# Deriving the EFE

In light of the recent (very incredible!) discovery of gravitational waves, I thought it would be fun and interesting to describe a derivation of the (basically) fundamental result of general relativity: the Einstein Field Equations (EFEs). Note that this was written in the plural form; this is because it’s really a collection of 10 partial differential equations, written in the form of a single equation using tensors. (Why ten equations? Well, general relativity makes heavy (this is a pun) use of the metric tensor. This is a four-by-four matrix, and is also symmetric, giving us ten independent coefficients.) The post assumes knowledge of differential geometry.

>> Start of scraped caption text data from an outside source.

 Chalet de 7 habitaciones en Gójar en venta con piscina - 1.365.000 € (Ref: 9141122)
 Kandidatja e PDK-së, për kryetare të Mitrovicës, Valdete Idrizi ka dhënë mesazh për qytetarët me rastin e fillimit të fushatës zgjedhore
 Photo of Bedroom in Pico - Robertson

Before deriving the field equations, we will talk about some physics. The principle of stationary action says that varying the action of a system gives us the equations of motion for that system. Let’s be a little more precise. Suppose $\mathscr{L}$ is the Lagrangian of a physical system. The principle of least action says that if $S=\int^{t_2}_{t_1}\mathscr{L}dt$ is the action of the mechanical system, then $\delta S = 0$. You can check that in a classical conservative system (when $\mathscr{L}$ is the kinetic energy minus the potential energy) that this yields Newton’s second law.

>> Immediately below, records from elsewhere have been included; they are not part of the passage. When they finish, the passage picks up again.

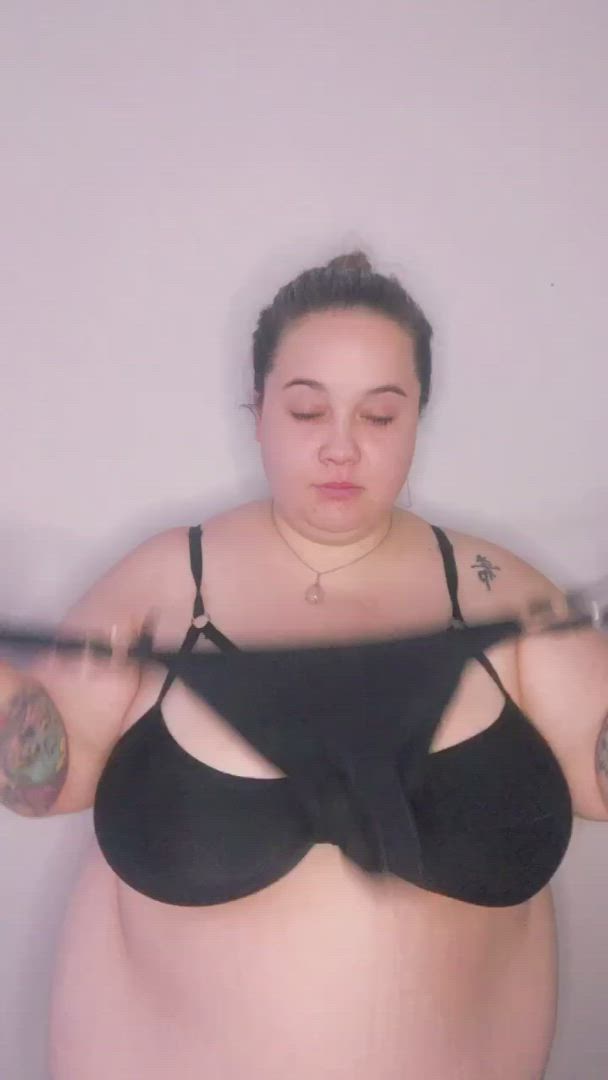 Hurricanedoll <strong>@poisonbea</strong> in sissy slut femdom thong porn video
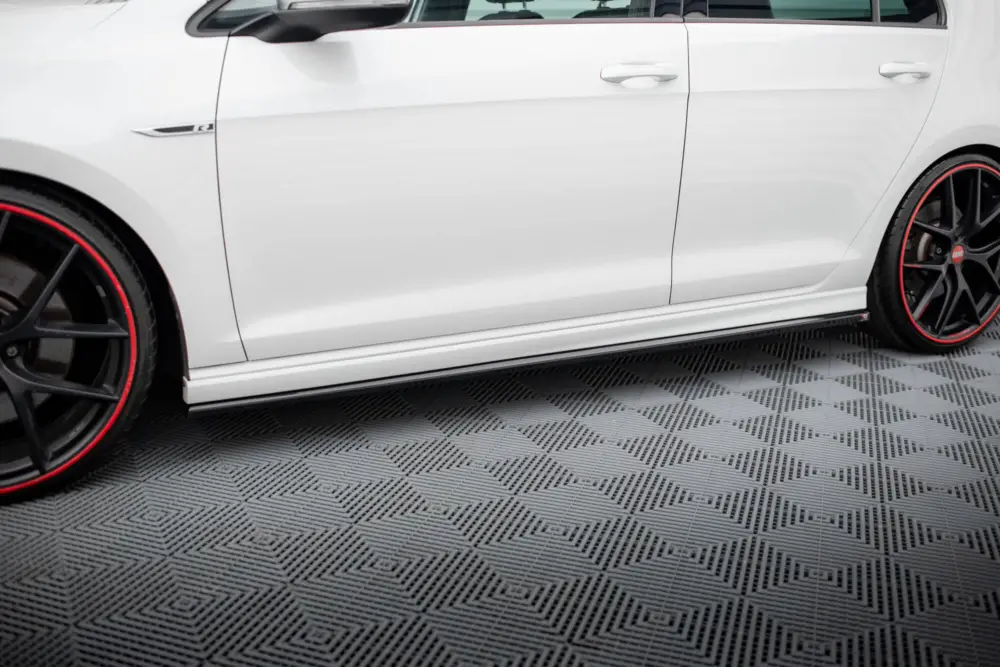 Přímo Od Výrobce Maxton Design difuzory pod boční prahy ver.3 pro Volkswagen Golf R Mk7, černý lesklý plast ABS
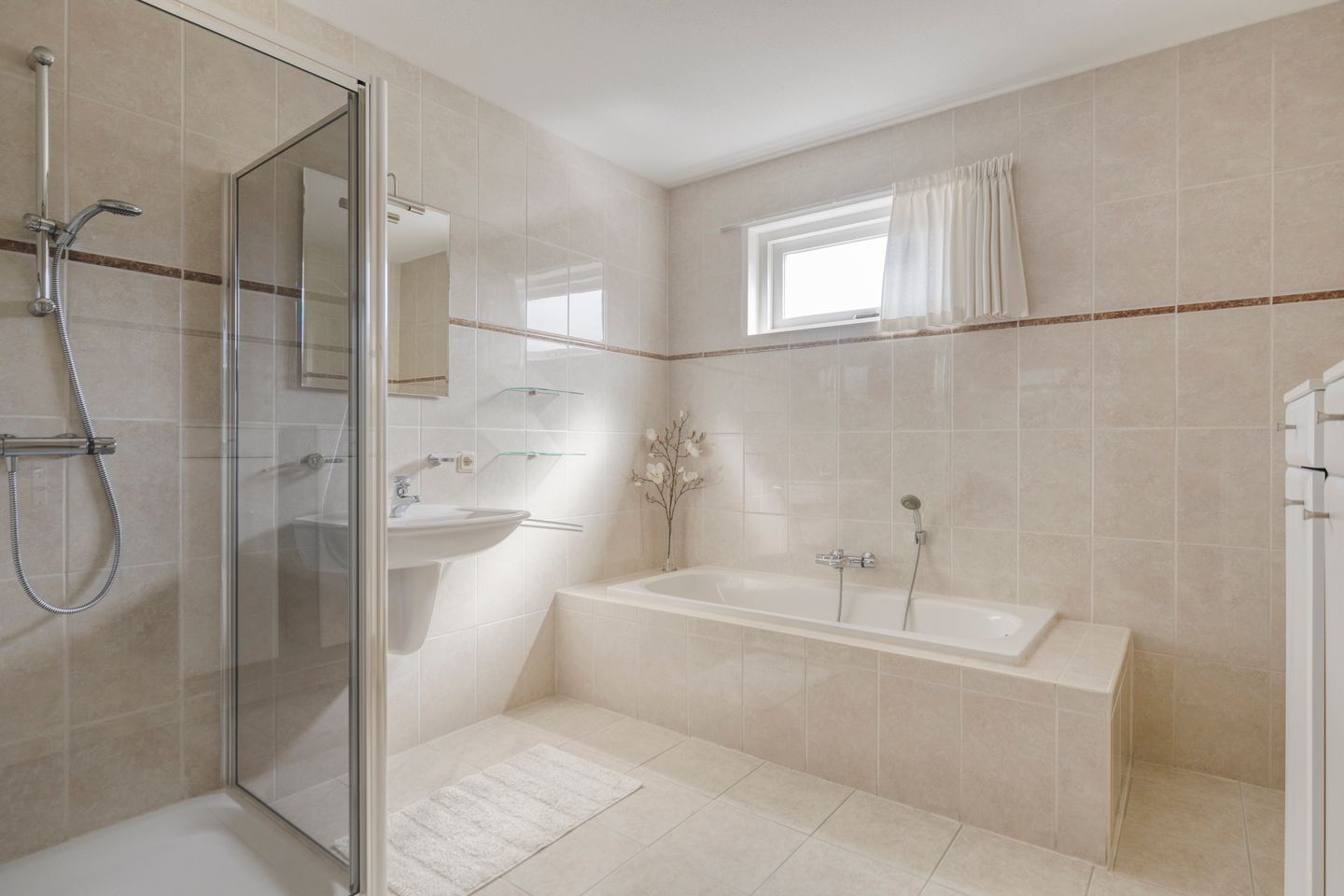 Foto 19 van Jan van Galenstraat 29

Let $\mathscr{M}$ be the spacetime (a smooth, connected Lorentzian manifold with a metric, which, by the Lorentzian condition, means that it has signature, for eg., +++-) For general relativity, the gravitational part of the action is, in natural units:

$\displaystyle S=\frac{1}{16 \pi}\int_\mathscr{M} R\sqrt{-g}d^4x$

Here $g=\det(g_{\mu \nu})$, and $R = g^{\mu \nu}R_{\mu\nu}$. This is called the Einstein-Hilbert action. The whole action is, therefore, simply given by

$\displaystyle S = \int_\mathscr{M}\left(\frac{1}{16\pi}R + \mathscr{L}_\mathrm{matter}\right)\sqrt{-g}d^4x$

Let’s note here that the energy-momentum tensor is $\displaystyle T_{\mu\nu} = \frac{-2}{\sqrt{-g}}\frac{\delta\sqrt{-g}\mathscr{L}_\mathrm{matter}}{\delta g^{\mu\nu}}$.

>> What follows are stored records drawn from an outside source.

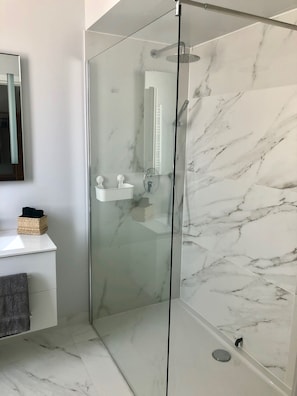 Dusche, Haartrockner, Handtücher, Seife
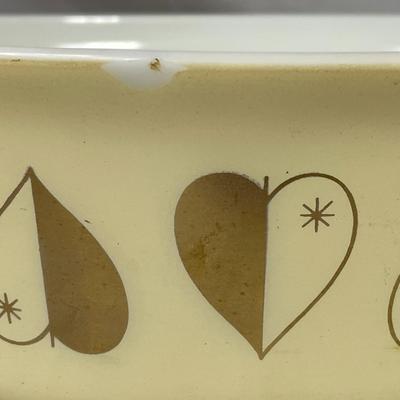 1959 Golden Heart Pyrex Casserole Dish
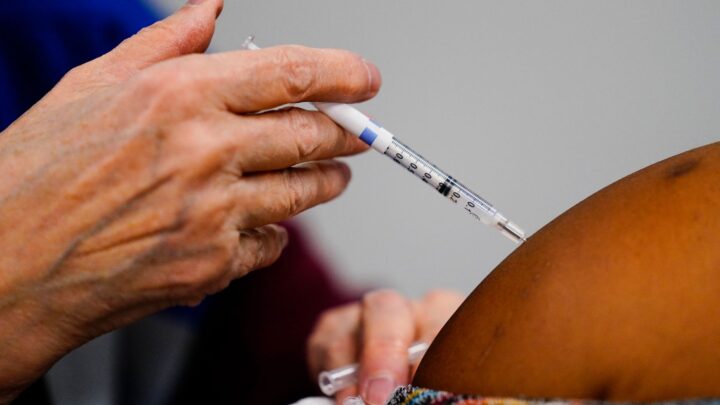 Las reglas del distrito escolar del juez no pueden establecer su propio mandato de vacunas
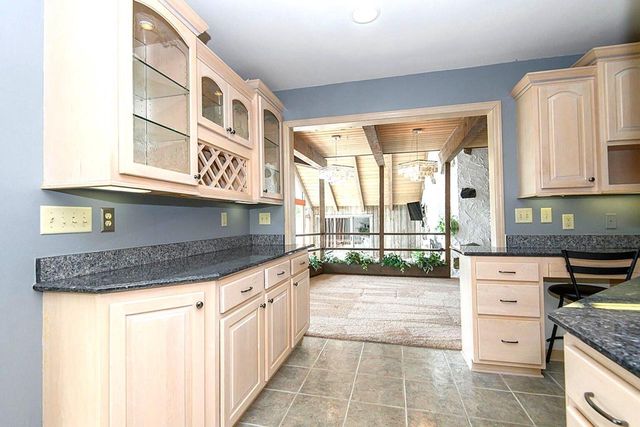 W215N5353 Ada COURT, Menomonee Falls, WI 53051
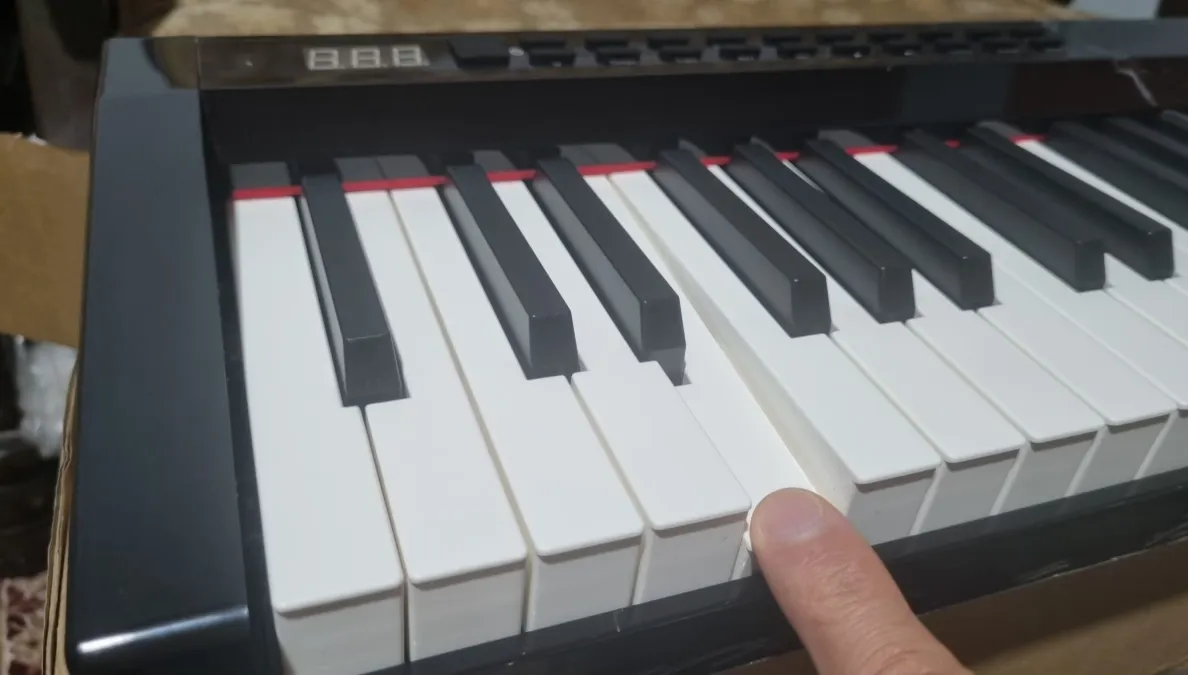 پیانو کونیکس مدل مدل ph88c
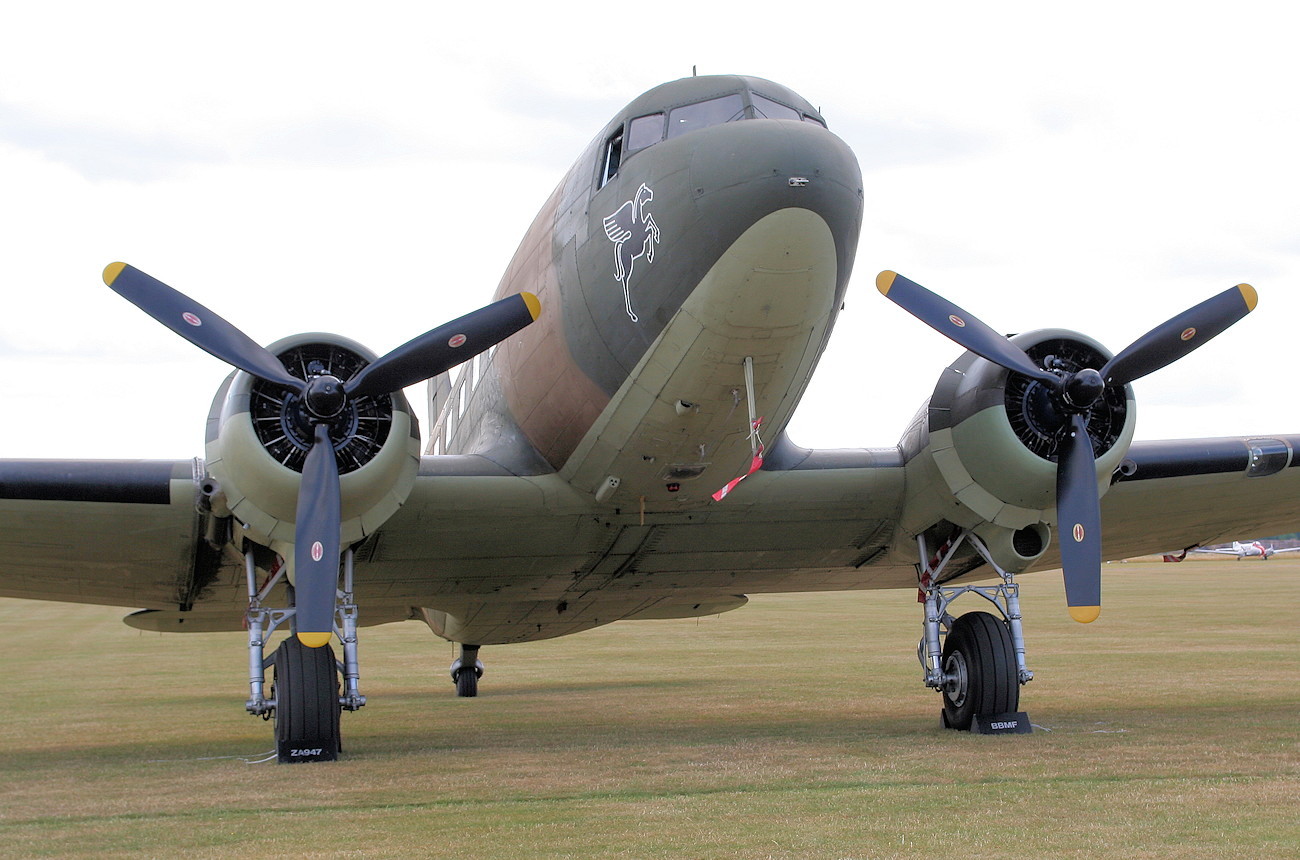 Douglas C-47 Dakota - Flugzeug der RAF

The principle of least action tells us that $\delta S = 0$. What is $\delta S$? First, let’s consider $\displaystyle\frac{\delta(\sqrt{-g}R)}{\delta g^{\mu\nu}}$. This is simply given by $\displaystyle\sqrt{-g}\frac{\delta R}{\delta g^{\mu\nu}} + R\frac{\delta \sqrt{-g}}{\delta g^{\mu\nu}}$. We will expand each term separately. Since $R = g^{\mu\nu}R_{\mu\nu}$, varying this gives $R_{\mu\nu} + g^{\mu\nu}\frac{\delta R_{\mu\nu}}{\delta g^{\mu\nu}}$; but the latter term vanishes, so this is just $R_{\mu\nu}$.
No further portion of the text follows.